— EXERCISE GOAL —
Starting with the first line, output the data exactly, through to the last line.

— RAW DATA —

== Segment start ==

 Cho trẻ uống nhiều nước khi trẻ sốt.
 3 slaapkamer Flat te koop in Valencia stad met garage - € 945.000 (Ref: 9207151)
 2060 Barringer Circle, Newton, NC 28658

== Segment end ==

— OUTPUT OF THE TASK —
 Cho trẻ uống nhiều nước khi trẻ sốt.
 3 slaapkamer Flat te koop in Valencia stad met garage - € 945.000 (Ref: 9207151)
 2060 Barringer Circle, Newton, NC 28658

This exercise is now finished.